While initially receiving praise, the shop soon faced backlash, prompting it to delete its Instagram and Facebook pages.

A birthday cake. Photo by Ruth Black/Shutterstock.
A birthday cake. Photo by Ruth Black/Shutterstock.

A baker in Sydney has ignited online condemnation for creating a birthday cake featuring imagery associated with the Palestinian terrorist group Hamas.

The cake, meant for a 4-year-old boy’s party, prompted fury from Jewish groups and Australian leaders, who labeled it a disturbing form of radicalization.

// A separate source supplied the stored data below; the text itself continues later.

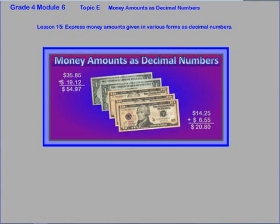All right, that will take care of things for lesson fifteen, where we've been expressing money amounts given in various forms as decimal numbers.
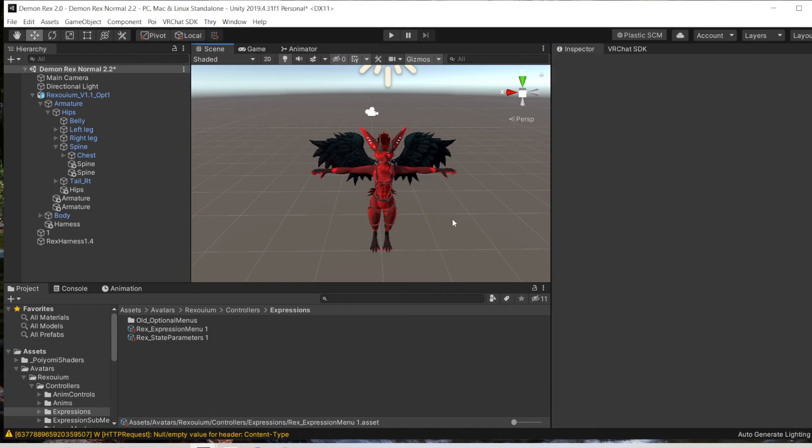And that is everything. That is how you make a toggle. Now you can upload your avatar to VRChat, and it should be in your menu and toggleable.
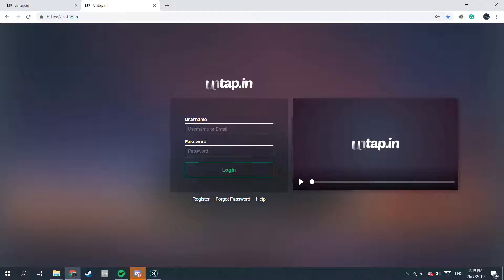Hello there guys, this is TCG Maniac from YouTube and The Real Deal from Discord. Today I'll be going through how to use Untap.in and a step-by-step guide on building your deck and putting in decks for the Chaos Chronicles.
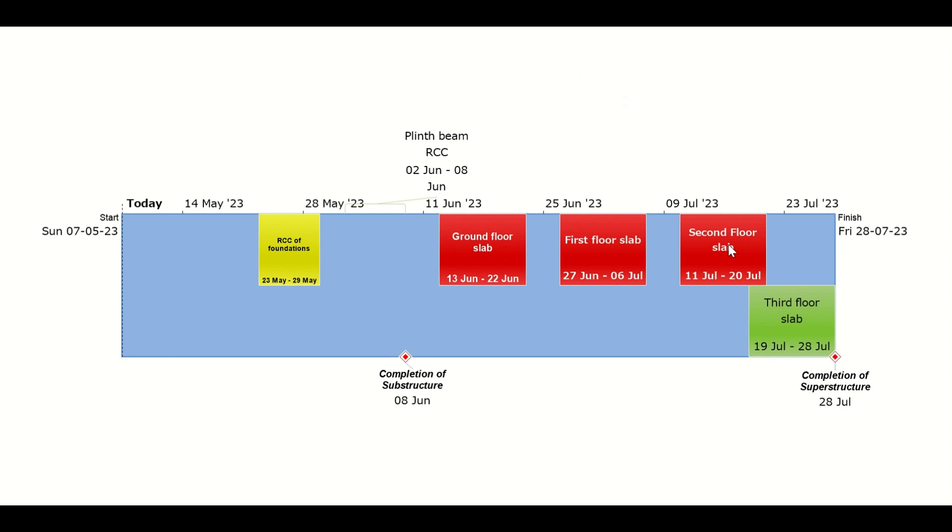Ground floor slab, first floor slab, second floor slab, and third floor slab. As we have here, for example, we have created the third floor slab duration progressing simultaneously with the second floor slab, which may not be the actual case, but for example we have shown how simultaneously progressing tasks will look in the timeline of a Microsoft Project schedule. So that is all for today.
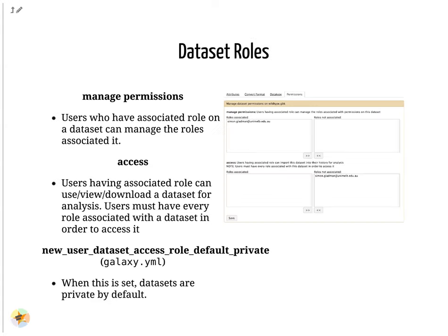The Manage Permission controls which accounts can manage permissions of datasets. Access permission is those who can see and work with the data. These can be controlled in the permissions menu of datasets, or more generally at the history level. Users must have every role listed in order to access that dataset.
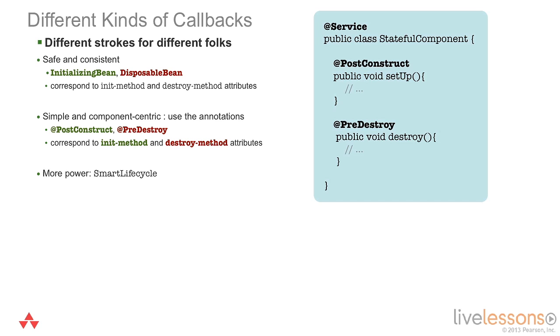If you want, for example, to be notified of when the application context is created, or when your bean itself is put into production and created, or when the bean is destroyed, there are a couple of different ways of doing this. You can use the initializing bean interface, implement that in your bean, and you'll be given a callback method after property is set. That method will be called whenever the bean is finished being configured by the container, but before it's made available to everybody.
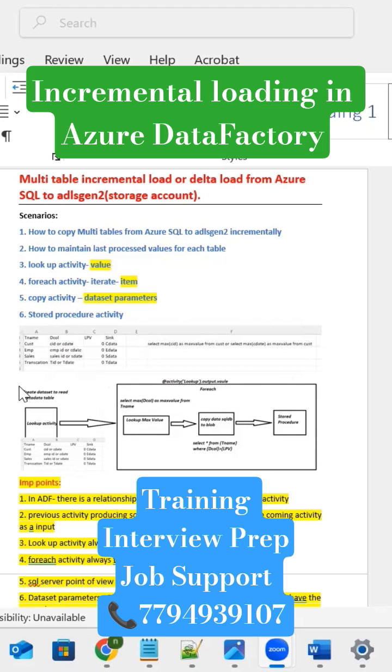Okay, for achieving this lab, we need a source and destination lab. Here we need to design a pipeline. That pipeline having this set of activities. This set of activities is going to help to achieve the incremental load logic into the Azure Data Factory.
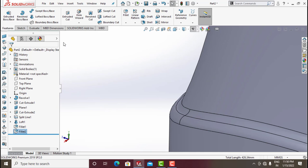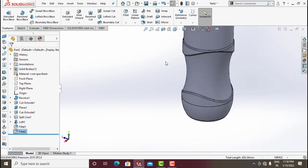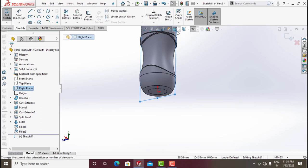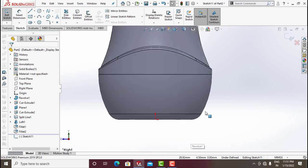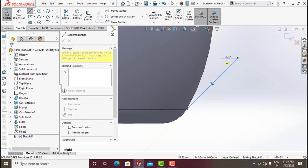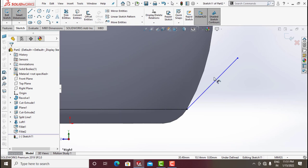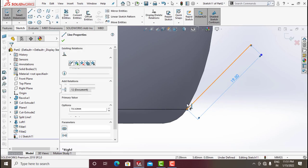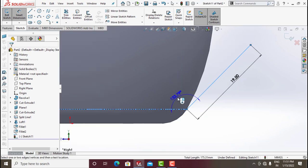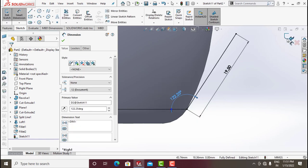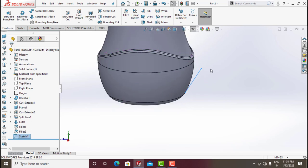Click OK. Now design the bottom part. Select Right Plane, go for Sketch, make it normal. Draw a construction line from this point to this — make the dimension around 19.5. Give an angle of around 122.25 degrees. Exit Sketch.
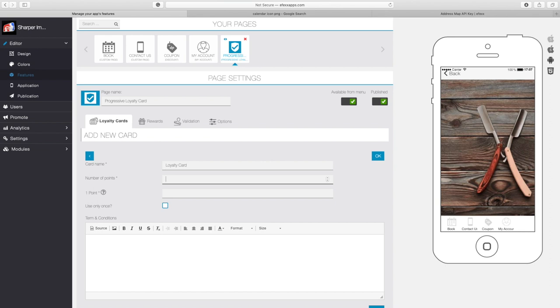You could make it so that when they get 200 points they get 50% off a haircut, when they get 500 points they get 75% off, and when they get 800 points they get a free haircut. If your max number is going to be 800, you would set this to 800, but for this example we're going to use 5 and 15. So the number here is going to be 15 and for every haircut they get one point. You can also make it so that once they've received their reward they are not allowed to get another one — that's where you click 'use only once.'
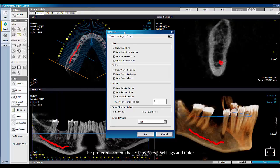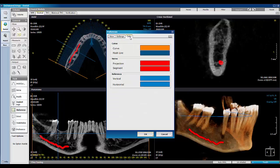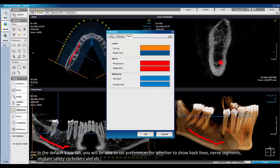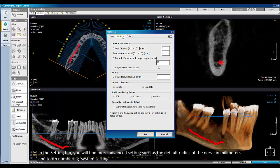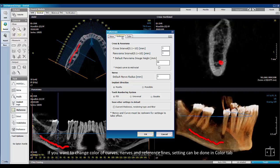The Preference menu has three tabs: View, Settings, and Color. In the default View tab, you will be able to set preferences for whether to show the hash line, nerve segments, implant safety cylinders, and more. In the Settings tab, you will find more advanced settings such as the default radius of the nerve in millimeters and the tooth numbering system settings. If you want to change the color of curves, nerves, and reference lines, that can be done in the Color tab.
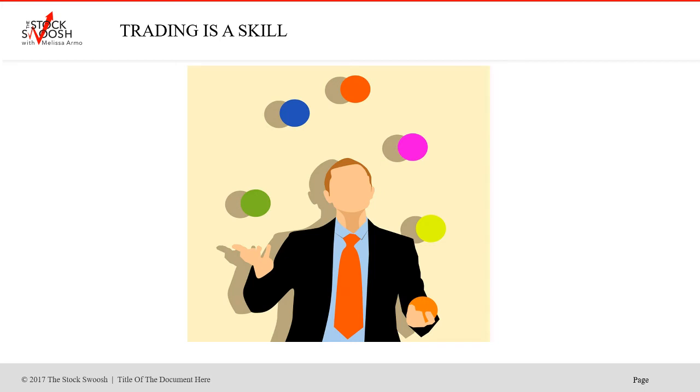Hello there everyone and welcome. This is Melissa Arma with the Stock Swash and I just want to give a quick lecture here. I'm going to talk about skill set.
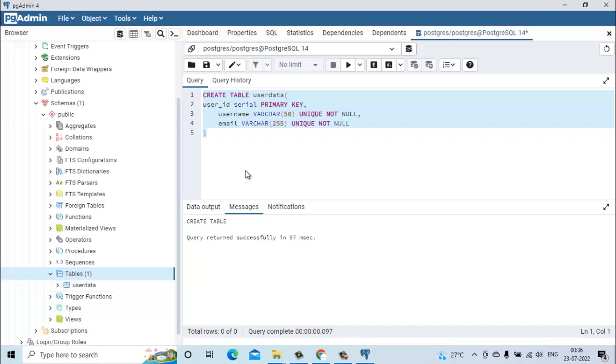You can use this query tool to execute any of your select, update, insert or any type of query and also you can view the output in this section.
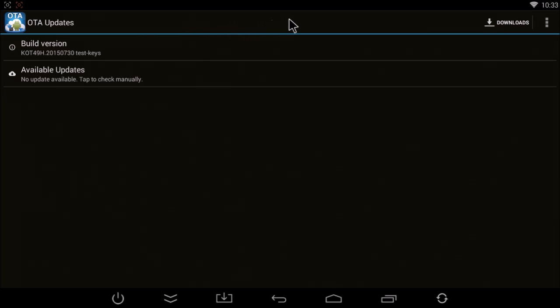If the download doesn't start or it sits at 0% and you are connected via ethernet, please switch to Wi-Fi. You are clearly running an older version of the firmware, which does not support downloading over ethernet.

Oven Bakery by Fufu proudly posted pictures on social media of the child posing next to a large cake adorned with a PLO flag and a portrait of Abu Obaida (real name: Huzaifa Samir Abdullah al-Kahloot), a spokesman for Hamas’s Al-Qassam Brigades “military” wing, with his finger raised defiantly.

The boy wore a headscarf and outfit resembling the cake’s terrorist figure as he mimicked the pose. Cupcakes with PLO flags completed the order.

New South Wales Premier Chris Minns described the photos as “horrifying,” stating: “Hamas is an evil terrorist organization. Kids’ parties should be innocent and fun, not hateful.”

Robert Gregory, CEO of the Australian Jewish Group, condemned the bakery.

“Dressing a child up as a terrorist, including with what appears to be a Hamas headband, is reprehensible and a form of child abuse,” he told the Daily Telegraph. “Islamic extremism and radicalization of youth is not just a problem for the Jewish community. It’s a threat to all Australians.”

Alex Ryvchin, co-CEO of the Executive Council of Australian Jewry, lambasted those glorifying terrorist groups, calling it “a rare kind of psychosis to want to teach infant children that Hamas terrorists are to be admired and emulated. If this is what is happening in some Sydney homes, we should prepare for a generation of violent extremists.”

While initially receiving praise from some for the cake, the bakery soon faced backlash, prompting it to delete its Instagram and Facebook pages.

Australian Federal Police are investigating the incident, which has sparked concerns about the radicalization of youth and the normalization of terrorist imagery within certain communities.